Both sets of remarks received widespread news coverage. But neither the Prince of Wales nor Sanders was breaking new ground. They were each echoing a refrain that has wound its way through op-eds and magazine articles, and books with titles like Climate Wars. As Gwynne Dyer, Climate Wars’ author, put it: “For every degree that the average global temperature rises, so do … the number of failed and failing states, and very probably the [incidence of] internal and international wars.”

This way of foretelling humanity’s destiny has been embraced by journalists and politicians, popular science writers and academics alike: Global warming means certain war, famine, and death — with the how and when sometimes calculated with incredible specificity. The National Geographic Channel’s 2007 documentary Six Degrees Could Change the World, for instance, explained that at 2 degrees Celsius warmer, urban Bolivians will move into rural areas in search of water; at 4 degrees hotter, we are set to experience worldwide political upheaval, economic disaster, and armed conflict as heat-weary migrants seek climate refuge in places like Northern Europe and New Zealand. Humanity’s future is laid out for us, literally one degree after another.

To be clear: Global warming is indeed a very real and present danger. And there’s no doubt that climate change can, on some occasions, be linked to violence and warfare. But this increasing trend toward what some have called the “securitization of climate change,” and the impulse to reduce conflict simply to matters of the weather, carries with it its own kind of moral danger.

How did the issue of climate change come to be so securitized? One early critical step took place in June 1988 at a major world conference in Toronto called “The Changing Atmosphere: Implications for Global Security.” The convention, attended by policymakers and around 300 scientists from 46 countries, was the first international conference to combine climate science and public policy. What it produced was a statement highlighting the need for governments to realign “their national security and military spending priorities” by addressing “the geopolitical dimensions of climate change in resource allocation decisions,” wrote Carleton University’s Fen Osler Hampson in a paper that year. Diminishing food security, environmental refugees, political instability, and resource conflicts were only some of the prognosticated effects of climate change that would compel government strategists to turn militaristic.

Since then, the militarization of climate discourse has proceeded apace. In 2007, for example, then-British Foreign Secretary Margaret Beckett insistedthat climate change went “to the very heart of the security agenda” in her presentation to the U.N. Security Council’s first-ever debate on the subject. That same year the U.S. Center for Naval Analyses produced a report entitled “National Security and the Threat of Climate Change” by an advisory composed of 11 retired, three- and four-star admirals and generals. Among their concerns was, “Climate change will stress the U.S. military by affecting weapon systems and platforms, bases, and military operations.”
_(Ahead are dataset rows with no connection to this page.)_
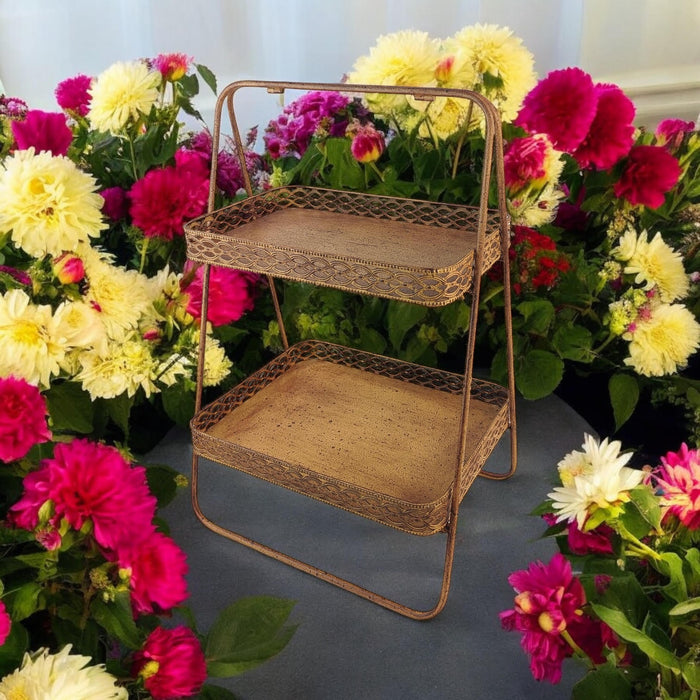 59CM RUSTY METAL DISPLAY SHELF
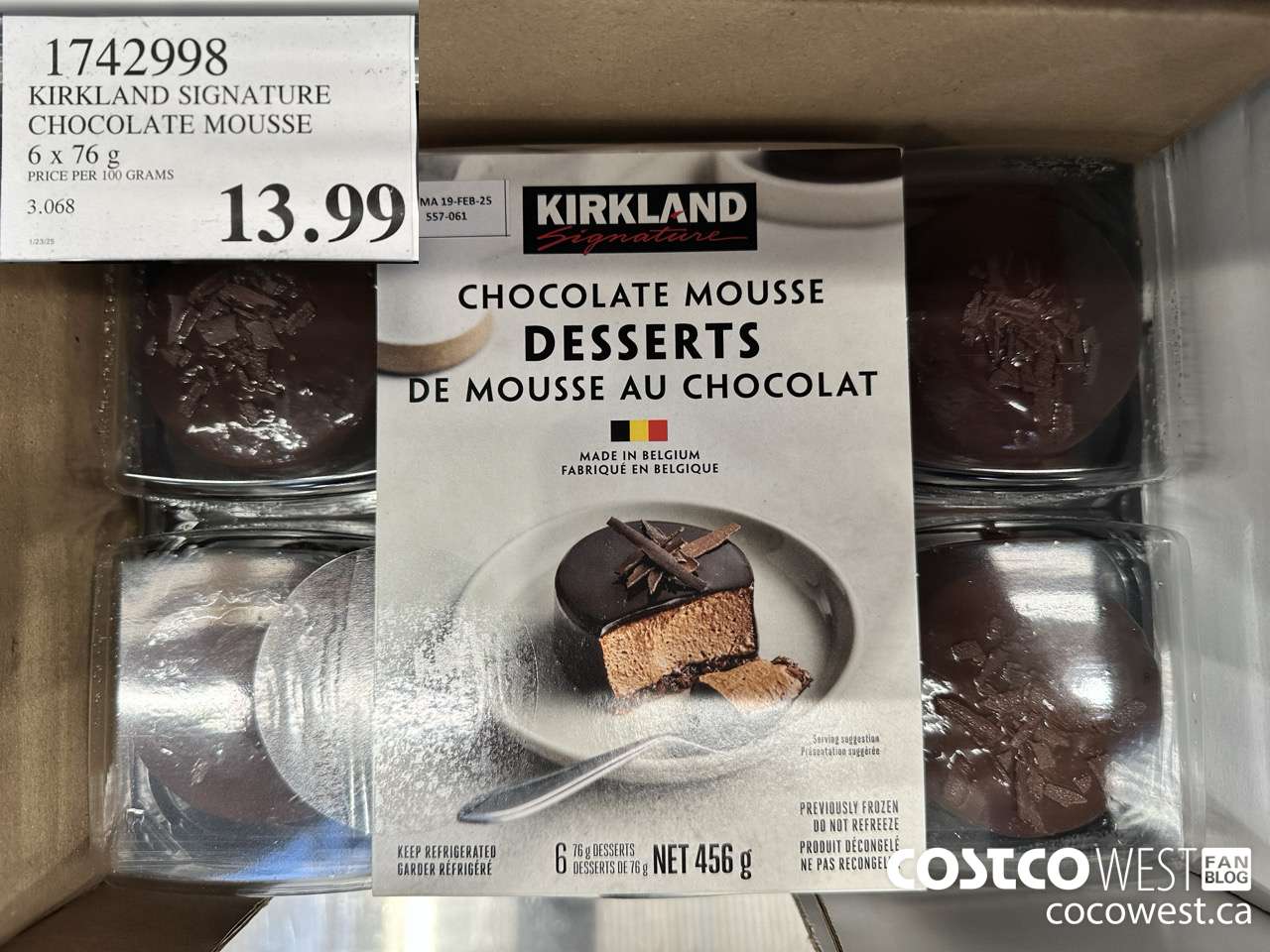 1742998 KIRKLAND SIGNATURE CHOCOLATE MOUSSE 6 X 76G $13.99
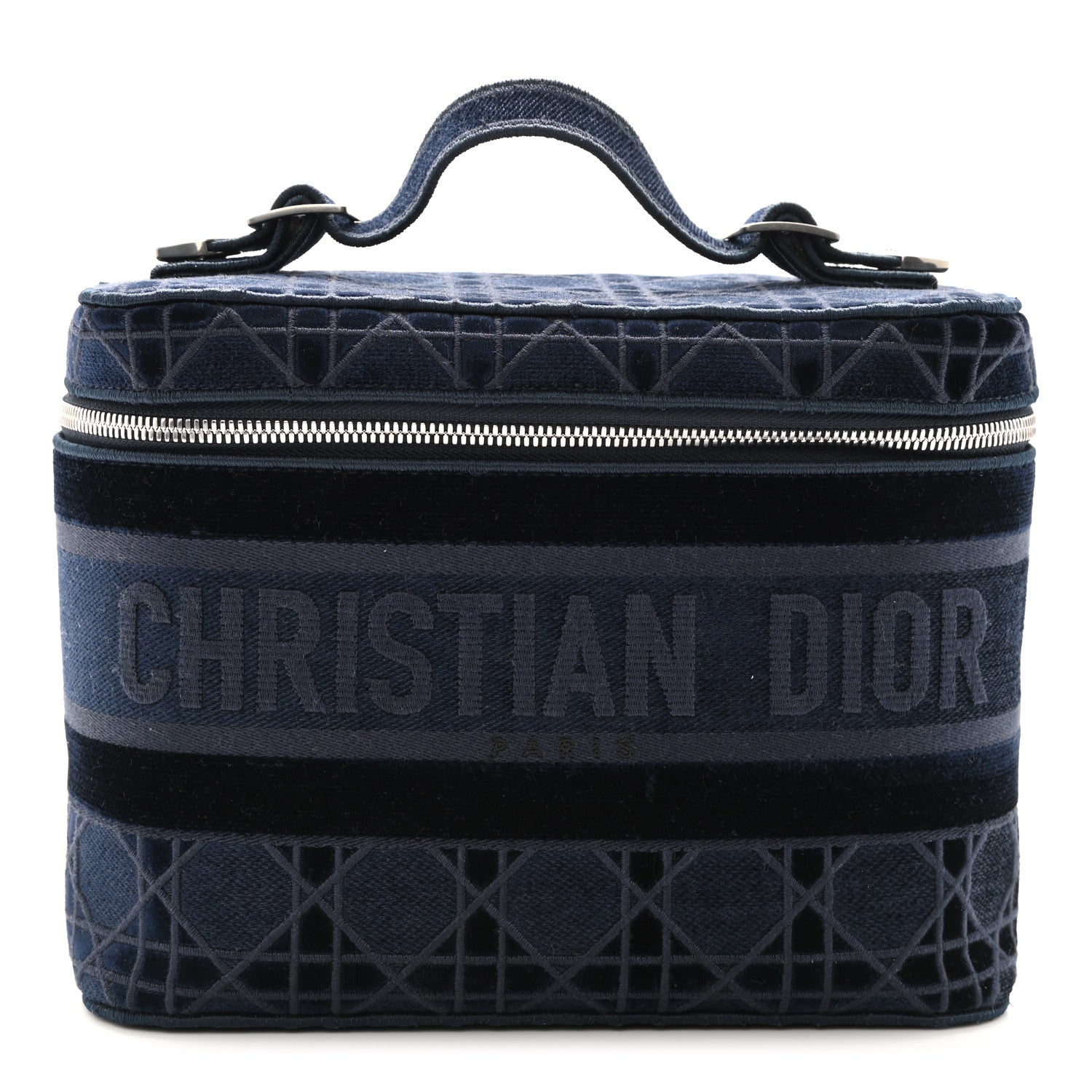 Christian Dior Velvet Cannage Diortravel Vanity Case Blue 1 of 7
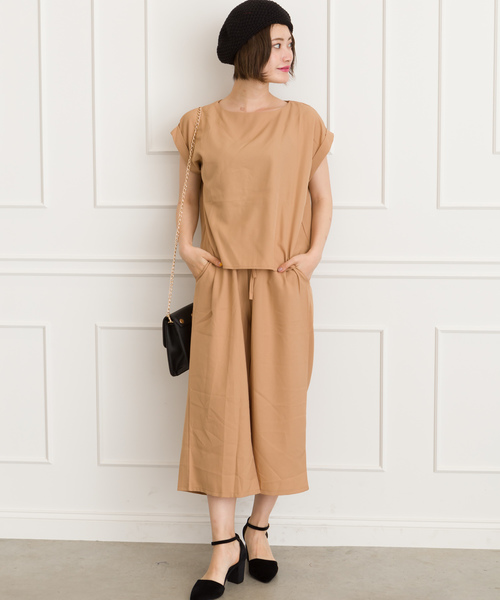 SpRay（スプレイ）の「ドルマンｘガウチョＳＥＴ　ＵＰ（つなぎ/オールインワン・レディース・ブラック/ベージュ/ネイビー/グレー/ブルーグリーン・FREE）」の3枚目の写真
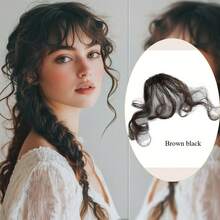 Women'S Curly Wave Bangs Clip-In Hairpiece High Temperature Fiber Easy Wear Natural Look Perfect For Music Festivals Christmas Parties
Another defense-oriented report, “The Age of Consequences,” prepared by the Center for Strategic and International Studies and the Center for a New American Security, declared that a 2.6 degree rise in temperature will bring moral revolution as “massive social upheaval will be accompanied by intense religious and ideological turmoil.” At an increase of 5.6 degrees, a range of ills would converge “in one conflagration: rage at government’s inability to deal with the abrupt and unpredictable crises; religious fervor, perhaps even a dramatic rise in millennial end-of-days cults; hostility and violence toward migrants and minority groups; … and intra- and interstate conflict over resources.” In the light of this grim eschatology, the report concludes that the security repercussions of climate change constitute a “greater foreign policy and national security challenge” than “reversing the decline in America’s global standing” and “rebuilding the nation’s armed forces.”


The ease with which this straightforward connection between climate and war has infiltrated the national security establishment is troubling.The ease with which this straightforward connection between climate and war has infiltrated the national security establishment is troubling. Of course, it’s not difficult to discern the appeal of these sorts of story lines. They deliver, with alluring simplicity, naturalistic accounts of warfare with a specificity that gives them vividness and power. But the problem with these narratives isn’t just that they are overly simplistic. It’s that they promote a kind of climate reductionism, one that carries echoes of the deterministic theories that were once popular during the second half of the 19th century.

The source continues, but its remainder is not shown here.